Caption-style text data
══════════════════════════════

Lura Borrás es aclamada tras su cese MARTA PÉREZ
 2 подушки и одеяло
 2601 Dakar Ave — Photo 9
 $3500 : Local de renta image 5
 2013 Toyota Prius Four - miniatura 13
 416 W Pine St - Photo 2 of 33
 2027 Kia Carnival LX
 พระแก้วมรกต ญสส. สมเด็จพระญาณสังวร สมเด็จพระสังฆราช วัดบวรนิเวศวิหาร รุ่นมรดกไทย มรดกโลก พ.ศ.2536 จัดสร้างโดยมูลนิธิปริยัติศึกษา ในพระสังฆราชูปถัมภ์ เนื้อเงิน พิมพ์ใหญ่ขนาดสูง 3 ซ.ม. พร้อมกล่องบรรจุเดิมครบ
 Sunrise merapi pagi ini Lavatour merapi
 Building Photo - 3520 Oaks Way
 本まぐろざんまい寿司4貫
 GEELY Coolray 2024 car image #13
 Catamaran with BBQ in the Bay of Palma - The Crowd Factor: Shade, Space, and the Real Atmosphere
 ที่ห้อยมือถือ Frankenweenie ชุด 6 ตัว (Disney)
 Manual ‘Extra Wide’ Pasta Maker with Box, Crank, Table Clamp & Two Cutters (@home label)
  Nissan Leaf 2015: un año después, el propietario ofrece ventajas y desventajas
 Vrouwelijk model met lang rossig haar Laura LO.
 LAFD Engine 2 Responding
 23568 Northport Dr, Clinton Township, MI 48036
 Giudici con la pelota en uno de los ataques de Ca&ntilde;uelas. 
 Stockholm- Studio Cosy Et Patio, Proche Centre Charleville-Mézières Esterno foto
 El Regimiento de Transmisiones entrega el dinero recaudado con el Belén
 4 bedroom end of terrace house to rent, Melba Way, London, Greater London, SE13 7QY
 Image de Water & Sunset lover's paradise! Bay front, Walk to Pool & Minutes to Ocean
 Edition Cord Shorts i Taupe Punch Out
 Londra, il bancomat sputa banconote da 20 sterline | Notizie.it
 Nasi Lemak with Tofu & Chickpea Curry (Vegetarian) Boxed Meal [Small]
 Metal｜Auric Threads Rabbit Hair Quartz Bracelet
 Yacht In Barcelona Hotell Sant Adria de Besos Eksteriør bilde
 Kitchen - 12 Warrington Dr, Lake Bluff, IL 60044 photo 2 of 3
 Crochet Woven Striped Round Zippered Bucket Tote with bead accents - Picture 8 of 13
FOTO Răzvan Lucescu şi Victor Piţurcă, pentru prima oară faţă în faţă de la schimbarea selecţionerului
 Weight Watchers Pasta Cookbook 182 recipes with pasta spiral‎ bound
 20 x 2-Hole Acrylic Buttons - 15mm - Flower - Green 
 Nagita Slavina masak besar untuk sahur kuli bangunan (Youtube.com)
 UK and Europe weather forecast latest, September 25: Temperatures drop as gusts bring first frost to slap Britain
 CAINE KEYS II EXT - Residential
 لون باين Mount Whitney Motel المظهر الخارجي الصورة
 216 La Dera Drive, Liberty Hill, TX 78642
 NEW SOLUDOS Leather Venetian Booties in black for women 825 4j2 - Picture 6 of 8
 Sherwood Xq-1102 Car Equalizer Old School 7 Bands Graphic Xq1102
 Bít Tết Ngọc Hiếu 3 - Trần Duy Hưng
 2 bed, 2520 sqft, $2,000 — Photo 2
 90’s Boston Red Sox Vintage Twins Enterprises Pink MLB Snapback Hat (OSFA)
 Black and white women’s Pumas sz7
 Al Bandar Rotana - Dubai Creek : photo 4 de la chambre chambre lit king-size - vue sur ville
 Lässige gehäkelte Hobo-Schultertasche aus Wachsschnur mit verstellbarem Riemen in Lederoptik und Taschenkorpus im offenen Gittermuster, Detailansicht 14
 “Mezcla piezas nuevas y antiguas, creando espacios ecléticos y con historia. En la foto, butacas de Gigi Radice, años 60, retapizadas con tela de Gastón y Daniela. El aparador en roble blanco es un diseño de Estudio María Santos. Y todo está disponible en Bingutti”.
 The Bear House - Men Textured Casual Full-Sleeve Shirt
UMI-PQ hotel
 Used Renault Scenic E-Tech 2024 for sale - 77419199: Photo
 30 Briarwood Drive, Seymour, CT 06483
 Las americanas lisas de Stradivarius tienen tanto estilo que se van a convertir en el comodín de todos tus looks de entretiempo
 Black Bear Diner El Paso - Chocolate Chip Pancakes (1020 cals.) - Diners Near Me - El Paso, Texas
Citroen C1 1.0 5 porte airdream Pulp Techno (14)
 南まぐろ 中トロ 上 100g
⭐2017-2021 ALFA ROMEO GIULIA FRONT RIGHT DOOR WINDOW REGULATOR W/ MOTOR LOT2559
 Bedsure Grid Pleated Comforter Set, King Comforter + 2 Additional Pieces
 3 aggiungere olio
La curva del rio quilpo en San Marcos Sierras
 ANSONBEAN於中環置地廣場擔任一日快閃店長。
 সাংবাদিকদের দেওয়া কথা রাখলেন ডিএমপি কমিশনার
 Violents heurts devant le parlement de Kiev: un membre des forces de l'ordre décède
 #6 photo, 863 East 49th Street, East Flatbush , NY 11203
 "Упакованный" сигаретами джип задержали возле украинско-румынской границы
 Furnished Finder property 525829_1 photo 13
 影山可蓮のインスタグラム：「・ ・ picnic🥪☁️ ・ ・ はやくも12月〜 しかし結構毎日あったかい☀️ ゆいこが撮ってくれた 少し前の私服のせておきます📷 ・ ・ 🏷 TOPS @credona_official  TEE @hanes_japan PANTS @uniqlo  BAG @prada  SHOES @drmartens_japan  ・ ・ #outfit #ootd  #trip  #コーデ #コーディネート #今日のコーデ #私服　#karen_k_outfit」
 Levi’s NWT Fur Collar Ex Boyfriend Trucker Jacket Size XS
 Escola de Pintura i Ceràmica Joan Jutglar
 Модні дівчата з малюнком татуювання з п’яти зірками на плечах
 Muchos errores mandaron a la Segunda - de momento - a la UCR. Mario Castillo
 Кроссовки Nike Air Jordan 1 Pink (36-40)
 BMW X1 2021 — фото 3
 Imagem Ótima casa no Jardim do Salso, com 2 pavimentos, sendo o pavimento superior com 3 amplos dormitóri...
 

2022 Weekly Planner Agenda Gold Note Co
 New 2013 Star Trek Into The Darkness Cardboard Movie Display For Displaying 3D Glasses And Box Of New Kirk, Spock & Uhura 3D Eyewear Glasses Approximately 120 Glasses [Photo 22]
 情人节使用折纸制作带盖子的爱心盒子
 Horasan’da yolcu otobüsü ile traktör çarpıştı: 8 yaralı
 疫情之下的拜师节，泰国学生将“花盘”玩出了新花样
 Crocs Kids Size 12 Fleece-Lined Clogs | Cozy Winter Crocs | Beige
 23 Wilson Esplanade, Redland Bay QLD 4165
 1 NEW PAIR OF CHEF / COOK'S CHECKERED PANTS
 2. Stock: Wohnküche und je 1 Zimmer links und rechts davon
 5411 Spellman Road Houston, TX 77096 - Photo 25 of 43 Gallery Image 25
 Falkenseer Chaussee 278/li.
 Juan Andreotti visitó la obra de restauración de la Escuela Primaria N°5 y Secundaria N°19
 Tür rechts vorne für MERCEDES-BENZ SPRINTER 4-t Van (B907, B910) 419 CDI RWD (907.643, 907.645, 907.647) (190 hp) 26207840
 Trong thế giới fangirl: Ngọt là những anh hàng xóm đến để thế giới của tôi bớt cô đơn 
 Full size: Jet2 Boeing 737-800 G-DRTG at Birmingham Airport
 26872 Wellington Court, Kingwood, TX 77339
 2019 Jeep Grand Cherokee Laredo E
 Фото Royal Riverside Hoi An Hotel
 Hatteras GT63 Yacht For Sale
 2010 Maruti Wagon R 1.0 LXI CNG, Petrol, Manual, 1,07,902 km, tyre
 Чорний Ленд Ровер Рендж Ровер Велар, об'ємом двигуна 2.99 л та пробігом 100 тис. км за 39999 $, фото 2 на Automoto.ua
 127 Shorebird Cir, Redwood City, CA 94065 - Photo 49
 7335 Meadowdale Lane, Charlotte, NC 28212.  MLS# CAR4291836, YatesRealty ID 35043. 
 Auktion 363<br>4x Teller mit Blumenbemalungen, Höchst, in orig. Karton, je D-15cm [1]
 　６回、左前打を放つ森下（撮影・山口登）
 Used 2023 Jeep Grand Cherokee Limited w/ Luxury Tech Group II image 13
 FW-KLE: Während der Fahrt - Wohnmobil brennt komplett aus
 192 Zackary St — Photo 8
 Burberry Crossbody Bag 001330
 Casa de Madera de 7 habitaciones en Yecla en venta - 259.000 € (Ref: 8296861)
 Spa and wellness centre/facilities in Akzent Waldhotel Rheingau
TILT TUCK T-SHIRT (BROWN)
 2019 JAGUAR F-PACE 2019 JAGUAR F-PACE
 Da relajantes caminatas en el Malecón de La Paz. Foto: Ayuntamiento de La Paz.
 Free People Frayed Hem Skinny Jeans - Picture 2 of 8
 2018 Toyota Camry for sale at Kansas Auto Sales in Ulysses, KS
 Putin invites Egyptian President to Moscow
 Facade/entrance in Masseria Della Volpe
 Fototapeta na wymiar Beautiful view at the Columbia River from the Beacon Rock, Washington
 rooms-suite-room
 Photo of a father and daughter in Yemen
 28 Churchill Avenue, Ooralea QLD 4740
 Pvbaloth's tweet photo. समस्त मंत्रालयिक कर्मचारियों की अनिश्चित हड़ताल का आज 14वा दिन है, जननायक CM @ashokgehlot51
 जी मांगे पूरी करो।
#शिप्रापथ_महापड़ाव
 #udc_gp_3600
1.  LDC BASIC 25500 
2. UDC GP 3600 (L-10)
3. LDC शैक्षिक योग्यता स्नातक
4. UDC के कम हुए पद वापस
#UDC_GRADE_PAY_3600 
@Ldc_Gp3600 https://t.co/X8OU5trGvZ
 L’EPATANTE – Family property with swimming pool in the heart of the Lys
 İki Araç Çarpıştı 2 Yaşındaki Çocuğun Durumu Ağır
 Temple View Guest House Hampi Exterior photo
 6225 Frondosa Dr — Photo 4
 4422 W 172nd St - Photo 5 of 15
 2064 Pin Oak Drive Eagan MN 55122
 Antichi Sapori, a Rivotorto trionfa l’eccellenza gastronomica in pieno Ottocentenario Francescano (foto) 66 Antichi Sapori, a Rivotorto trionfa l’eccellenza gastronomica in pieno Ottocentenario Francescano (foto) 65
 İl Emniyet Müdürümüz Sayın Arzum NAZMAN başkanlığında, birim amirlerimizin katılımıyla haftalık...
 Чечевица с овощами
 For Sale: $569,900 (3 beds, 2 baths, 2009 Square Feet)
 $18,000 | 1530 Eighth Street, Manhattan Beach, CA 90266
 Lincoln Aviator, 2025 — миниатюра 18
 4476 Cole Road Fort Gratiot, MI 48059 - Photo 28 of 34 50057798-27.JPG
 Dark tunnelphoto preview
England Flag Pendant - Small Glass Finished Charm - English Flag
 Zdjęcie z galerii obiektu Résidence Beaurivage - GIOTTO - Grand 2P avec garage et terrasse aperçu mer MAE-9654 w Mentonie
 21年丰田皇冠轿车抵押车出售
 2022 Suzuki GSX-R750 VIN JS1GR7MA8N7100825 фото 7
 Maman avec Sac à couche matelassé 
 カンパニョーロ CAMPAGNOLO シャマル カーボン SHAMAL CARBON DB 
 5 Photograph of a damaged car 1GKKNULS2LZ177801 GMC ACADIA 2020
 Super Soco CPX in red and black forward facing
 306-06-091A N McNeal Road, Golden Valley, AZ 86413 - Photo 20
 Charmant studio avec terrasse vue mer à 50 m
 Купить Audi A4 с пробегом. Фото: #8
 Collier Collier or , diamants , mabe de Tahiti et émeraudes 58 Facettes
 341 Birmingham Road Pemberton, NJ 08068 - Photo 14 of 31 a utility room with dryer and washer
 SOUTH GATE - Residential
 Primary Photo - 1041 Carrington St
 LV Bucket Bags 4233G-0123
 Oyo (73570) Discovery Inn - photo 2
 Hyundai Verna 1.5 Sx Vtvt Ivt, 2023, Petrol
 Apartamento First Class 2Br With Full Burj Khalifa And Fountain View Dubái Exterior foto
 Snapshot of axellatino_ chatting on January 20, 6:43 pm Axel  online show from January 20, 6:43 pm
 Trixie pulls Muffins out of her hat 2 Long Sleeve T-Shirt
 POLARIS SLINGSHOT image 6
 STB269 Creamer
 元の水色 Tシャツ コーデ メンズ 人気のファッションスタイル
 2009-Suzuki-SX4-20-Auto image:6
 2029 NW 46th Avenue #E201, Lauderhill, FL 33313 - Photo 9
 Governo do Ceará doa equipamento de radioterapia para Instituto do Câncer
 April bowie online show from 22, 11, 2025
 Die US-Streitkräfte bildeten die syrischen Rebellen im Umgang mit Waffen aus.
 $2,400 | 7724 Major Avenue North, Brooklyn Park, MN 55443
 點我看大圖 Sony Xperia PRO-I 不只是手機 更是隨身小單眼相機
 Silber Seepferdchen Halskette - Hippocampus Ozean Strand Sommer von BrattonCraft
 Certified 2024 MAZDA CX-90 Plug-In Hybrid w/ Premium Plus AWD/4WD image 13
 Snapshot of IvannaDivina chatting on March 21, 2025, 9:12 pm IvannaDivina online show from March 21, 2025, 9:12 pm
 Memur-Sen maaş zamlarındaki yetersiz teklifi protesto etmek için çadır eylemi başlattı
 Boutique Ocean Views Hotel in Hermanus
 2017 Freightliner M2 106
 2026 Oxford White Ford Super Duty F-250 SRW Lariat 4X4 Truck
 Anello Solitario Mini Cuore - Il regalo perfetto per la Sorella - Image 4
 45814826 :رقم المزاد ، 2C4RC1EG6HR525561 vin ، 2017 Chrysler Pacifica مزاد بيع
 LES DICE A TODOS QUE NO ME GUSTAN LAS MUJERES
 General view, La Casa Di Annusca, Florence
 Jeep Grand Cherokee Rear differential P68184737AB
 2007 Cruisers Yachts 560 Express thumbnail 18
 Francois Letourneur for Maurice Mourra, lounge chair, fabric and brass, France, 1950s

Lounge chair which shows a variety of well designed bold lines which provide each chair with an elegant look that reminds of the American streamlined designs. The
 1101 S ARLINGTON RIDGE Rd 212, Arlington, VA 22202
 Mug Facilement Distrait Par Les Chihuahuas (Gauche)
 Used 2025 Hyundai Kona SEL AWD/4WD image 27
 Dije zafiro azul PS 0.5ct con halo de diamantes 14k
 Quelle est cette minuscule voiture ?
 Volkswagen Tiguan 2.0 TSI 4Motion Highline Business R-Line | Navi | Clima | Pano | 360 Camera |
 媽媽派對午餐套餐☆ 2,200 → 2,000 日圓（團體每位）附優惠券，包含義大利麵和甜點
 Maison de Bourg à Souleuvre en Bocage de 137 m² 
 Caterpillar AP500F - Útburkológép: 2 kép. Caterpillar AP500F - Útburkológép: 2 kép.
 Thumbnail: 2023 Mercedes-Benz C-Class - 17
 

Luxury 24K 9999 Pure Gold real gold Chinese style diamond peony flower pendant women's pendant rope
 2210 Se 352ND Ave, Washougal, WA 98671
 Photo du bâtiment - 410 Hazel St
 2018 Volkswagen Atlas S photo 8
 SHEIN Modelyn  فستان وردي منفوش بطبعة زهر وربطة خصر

══════════════════════════════

## Problem description
Take the records above and return, word for word, only the lines that fall from the line with "Snapshot of axellatino_" to the line with "Snapshot of IvannaDivina", both of them included.

## Answer to the exercise
 Snapshot of axellatino_ chatting on January 20, 6:43 pm Axel  online show from January 20, 6:43 pm
 Trixie pulls Muffins out of her hat 2 Long Sleeve T-Shirt
 POLARIS SLINGSHOT image 6
 STB269 Creamer
 元の水色 Tシャツ コーデ メンズ 人気のファッションスタイル
 2009-Suzuki-SX4-20-Auto image:6
 2029 NW 46th Avenue #E201, Lauderhill, FL 33313 - Photo 9
 Governo do Ceará doa equipamento de radioterapia para Instituto do Câncer
 April bowie online show from 22, 11, 2025
 Die US-Streitkräfte bildeten die syrischen Rebellen im Umgang mit Waffen aus.
 $2,400 | 7724 Major Avenue North, Brooklyn Park, MN 55443
 點我看大圖 Sony Xperia PRO-I 不只是手機 更是隨身小單眼相機
 Silber Seepferdchen Halskette - Hippocampus Ozean Strand Sommer von BrattonCraft
 Certified 2024 MAZDA CX-90 Plug-In Hybrid w/ Premium Plus AWD/4WD image 13
 Snapshot of IvannaDivina chatting on March 21, 2025, 9:12 pm IvannaDivina online show from March 21, 2025, 9:12 pm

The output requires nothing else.